**ASSIGNMENT**
The records that follow must be repeated exactly, minus the images.

(Image-text web data)
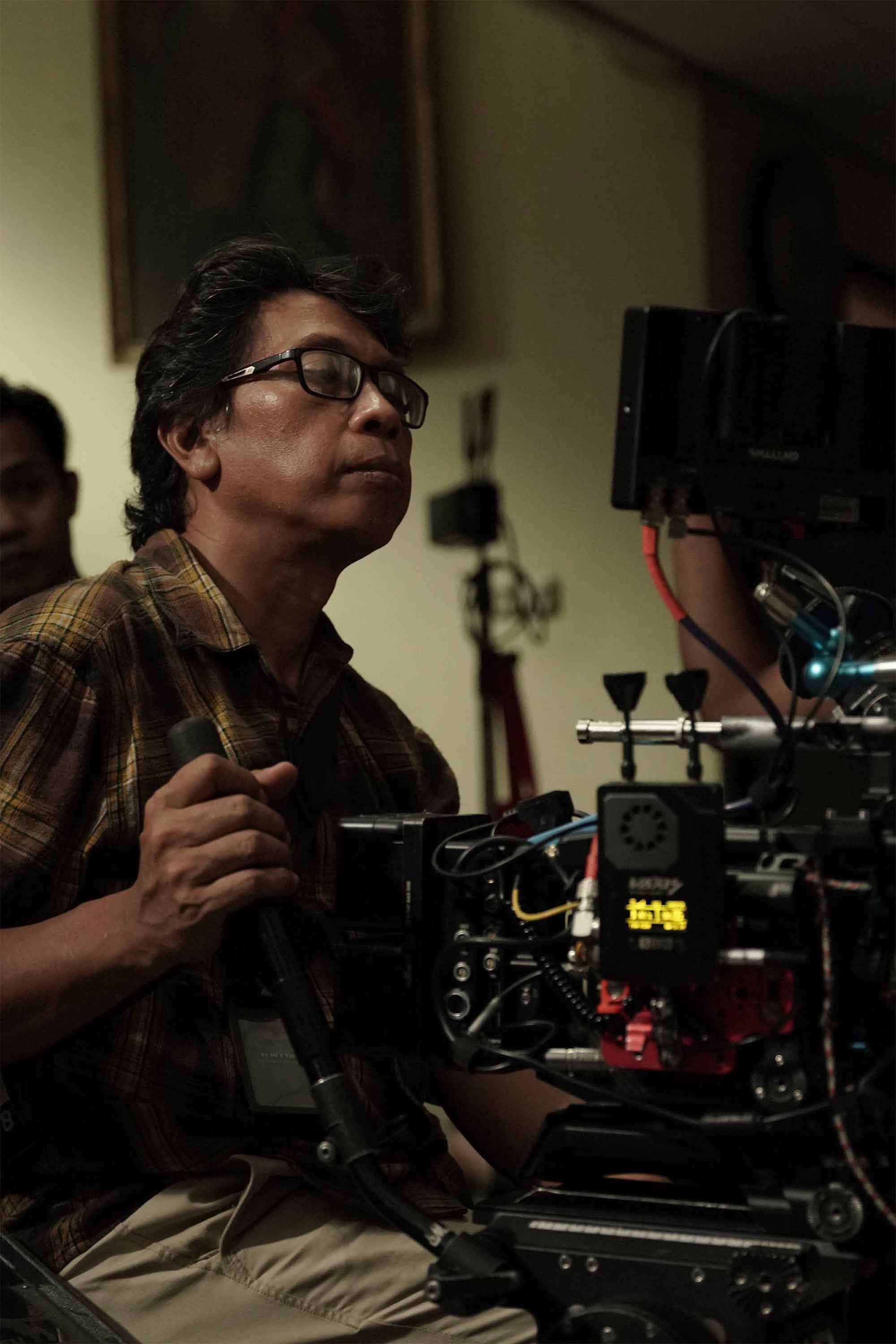 Budi Utomo/Director of Photography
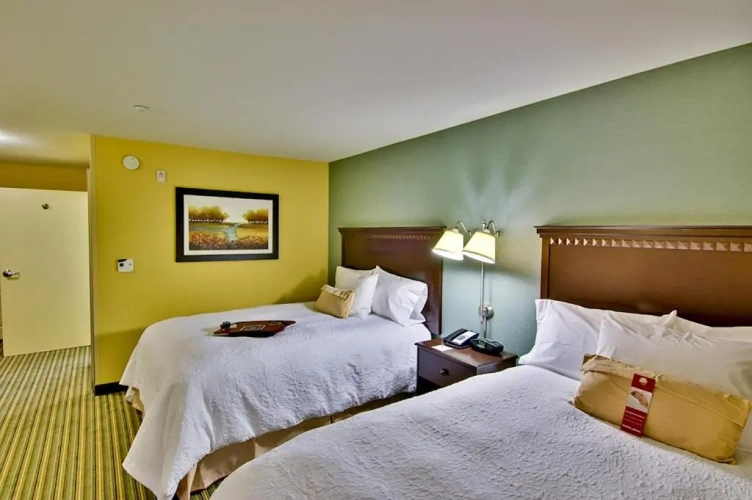 Twin room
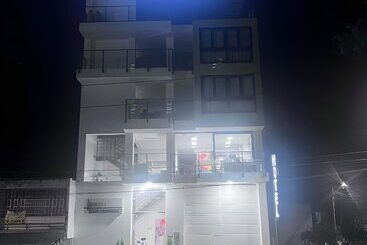 هتل San Francisco Pitalito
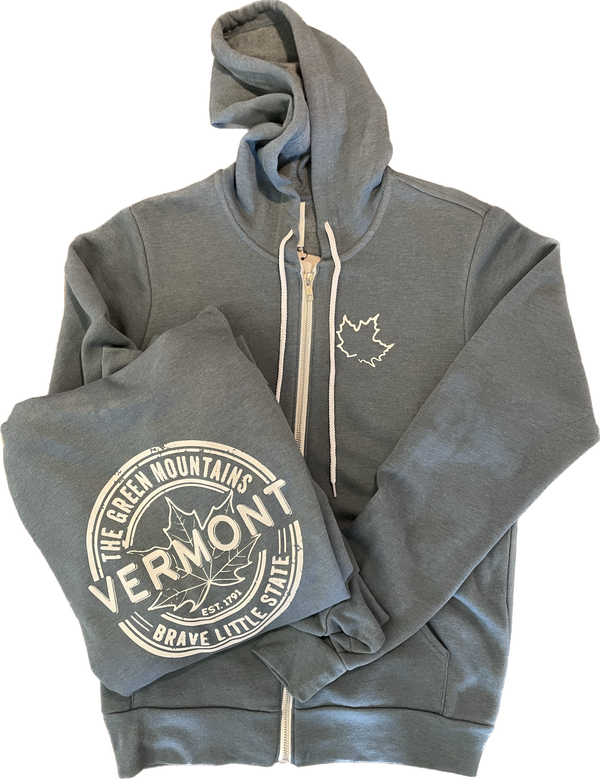Adult Full-Zip Hoodie
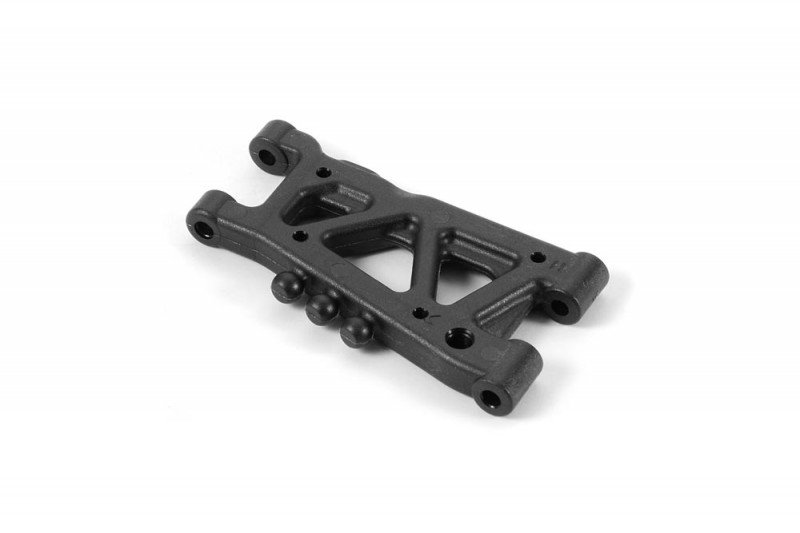 XRAY 303168 Composite Rear Suspension  Arm 1-Hole - Hard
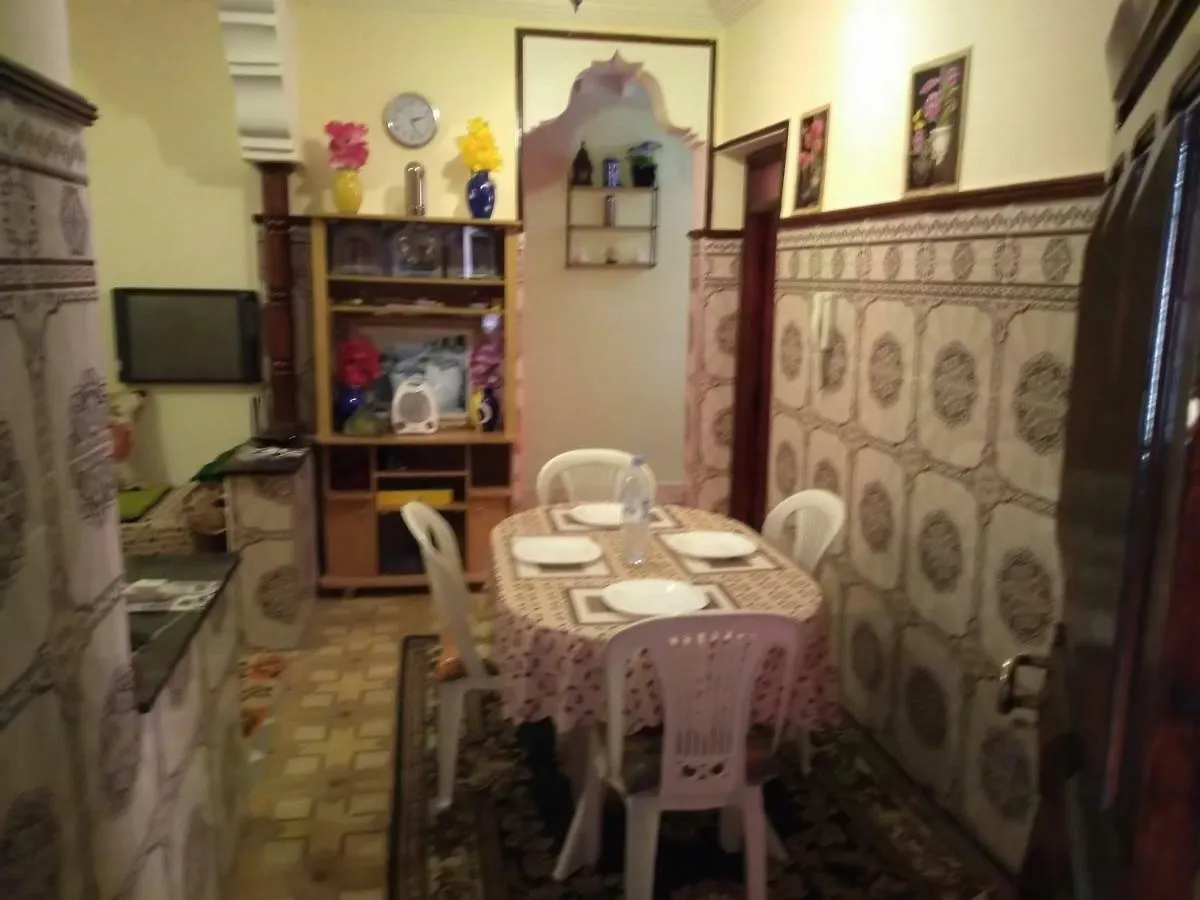דירות מרקש Chez Bouchaib 0*,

**ANSWER TO THIS TASK**
 Budi Utomo/Director of Photography
 Twin room
 هتل San Francisco Pitalito
Adult Full-Zip Hoodie
 XRAY 303168 Composite Rear Suspension  Arm 1-Hole - Hard
דירות מרקש Chez Bouchaib 0*,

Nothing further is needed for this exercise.